◆ **Task objective**
Across the entries that follow, count the lines with the string "Mercedes" and reply with that count alone.

(Collected data entries)
================

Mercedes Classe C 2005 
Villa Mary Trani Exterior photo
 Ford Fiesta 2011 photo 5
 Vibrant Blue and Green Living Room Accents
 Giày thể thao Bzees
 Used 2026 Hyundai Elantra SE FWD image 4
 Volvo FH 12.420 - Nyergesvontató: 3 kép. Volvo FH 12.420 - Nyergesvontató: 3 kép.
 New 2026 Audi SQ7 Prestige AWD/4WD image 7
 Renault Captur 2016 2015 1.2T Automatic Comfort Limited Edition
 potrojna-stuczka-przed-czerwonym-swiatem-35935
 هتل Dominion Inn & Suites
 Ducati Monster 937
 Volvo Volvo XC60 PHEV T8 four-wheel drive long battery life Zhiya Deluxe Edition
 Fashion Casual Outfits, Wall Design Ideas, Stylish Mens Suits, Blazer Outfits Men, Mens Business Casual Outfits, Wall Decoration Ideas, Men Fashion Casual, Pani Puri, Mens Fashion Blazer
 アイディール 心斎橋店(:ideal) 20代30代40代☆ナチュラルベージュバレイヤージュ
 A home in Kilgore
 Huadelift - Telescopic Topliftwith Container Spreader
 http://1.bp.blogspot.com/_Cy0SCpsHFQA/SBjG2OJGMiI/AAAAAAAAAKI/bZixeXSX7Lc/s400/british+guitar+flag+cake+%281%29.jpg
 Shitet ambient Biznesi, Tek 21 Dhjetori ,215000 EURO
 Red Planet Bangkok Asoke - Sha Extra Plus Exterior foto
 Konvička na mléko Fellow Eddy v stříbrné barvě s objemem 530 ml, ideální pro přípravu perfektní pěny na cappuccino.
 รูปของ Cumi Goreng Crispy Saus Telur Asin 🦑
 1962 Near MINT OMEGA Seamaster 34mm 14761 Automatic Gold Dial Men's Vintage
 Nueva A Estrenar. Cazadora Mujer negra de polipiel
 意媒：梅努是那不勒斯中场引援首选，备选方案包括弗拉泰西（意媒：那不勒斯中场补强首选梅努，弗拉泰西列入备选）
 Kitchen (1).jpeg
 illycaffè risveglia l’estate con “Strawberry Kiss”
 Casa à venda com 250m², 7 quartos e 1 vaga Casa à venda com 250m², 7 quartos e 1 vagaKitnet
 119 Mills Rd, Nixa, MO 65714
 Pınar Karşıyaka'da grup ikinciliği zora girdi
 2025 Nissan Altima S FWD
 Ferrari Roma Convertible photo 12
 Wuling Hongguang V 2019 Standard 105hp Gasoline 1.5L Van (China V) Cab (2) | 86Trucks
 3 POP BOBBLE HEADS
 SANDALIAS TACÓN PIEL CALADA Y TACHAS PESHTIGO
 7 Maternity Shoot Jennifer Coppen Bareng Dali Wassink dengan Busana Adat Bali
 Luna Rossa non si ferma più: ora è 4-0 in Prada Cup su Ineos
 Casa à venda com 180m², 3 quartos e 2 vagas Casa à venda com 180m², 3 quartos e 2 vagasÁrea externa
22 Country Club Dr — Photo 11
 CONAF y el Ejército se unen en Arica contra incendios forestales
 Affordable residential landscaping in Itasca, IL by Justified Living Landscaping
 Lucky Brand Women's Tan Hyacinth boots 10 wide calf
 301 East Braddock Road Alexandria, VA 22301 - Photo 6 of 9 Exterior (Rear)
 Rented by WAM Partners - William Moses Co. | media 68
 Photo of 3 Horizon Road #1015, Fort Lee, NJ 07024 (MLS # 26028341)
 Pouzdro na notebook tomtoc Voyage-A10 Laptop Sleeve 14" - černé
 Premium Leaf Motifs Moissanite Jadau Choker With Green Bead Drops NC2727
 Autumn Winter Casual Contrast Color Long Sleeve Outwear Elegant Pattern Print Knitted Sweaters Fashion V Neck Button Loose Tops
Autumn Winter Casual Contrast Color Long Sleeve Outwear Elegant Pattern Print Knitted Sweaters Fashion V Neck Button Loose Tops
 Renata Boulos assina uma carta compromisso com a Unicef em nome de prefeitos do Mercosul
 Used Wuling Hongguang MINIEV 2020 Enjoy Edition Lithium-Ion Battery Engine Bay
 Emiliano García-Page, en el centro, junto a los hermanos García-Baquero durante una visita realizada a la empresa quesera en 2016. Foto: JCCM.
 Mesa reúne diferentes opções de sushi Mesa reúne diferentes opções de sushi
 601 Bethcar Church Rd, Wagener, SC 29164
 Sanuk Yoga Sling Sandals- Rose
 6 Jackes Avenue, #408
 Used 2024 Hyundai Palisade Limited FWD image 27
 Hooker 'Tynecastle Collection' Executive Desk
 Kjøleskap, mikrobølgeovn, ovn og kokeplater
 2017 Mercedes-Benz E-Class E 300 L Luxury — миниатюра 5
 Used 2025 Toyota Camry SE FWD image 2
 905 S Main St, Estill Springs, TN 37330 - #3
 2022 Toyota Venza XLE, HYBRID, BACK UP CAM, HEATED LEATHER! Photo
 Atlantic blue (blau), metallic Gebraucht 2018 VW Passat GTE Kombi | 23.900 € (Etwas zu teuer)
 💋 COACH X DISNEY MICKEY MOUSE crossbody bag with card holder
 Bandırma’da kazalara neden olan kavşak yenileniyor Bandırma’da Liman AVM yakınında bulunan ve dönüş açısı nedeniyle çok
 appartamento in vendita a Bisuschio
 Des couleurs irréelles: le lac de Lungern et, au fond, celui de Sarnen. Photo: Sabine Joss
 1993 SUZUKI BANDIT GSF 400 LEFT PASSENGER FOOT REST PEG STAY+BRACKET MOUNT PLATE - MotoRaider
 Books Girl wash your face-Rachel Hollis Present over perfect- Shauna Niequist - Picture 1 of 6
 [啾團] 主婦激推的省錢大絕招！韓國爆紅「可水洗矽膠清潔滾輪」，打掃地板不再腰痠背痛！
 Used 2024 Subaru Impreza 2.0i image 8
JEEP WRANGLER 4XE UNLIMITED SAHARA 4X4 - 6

================

◆ **Solution for this problem**
2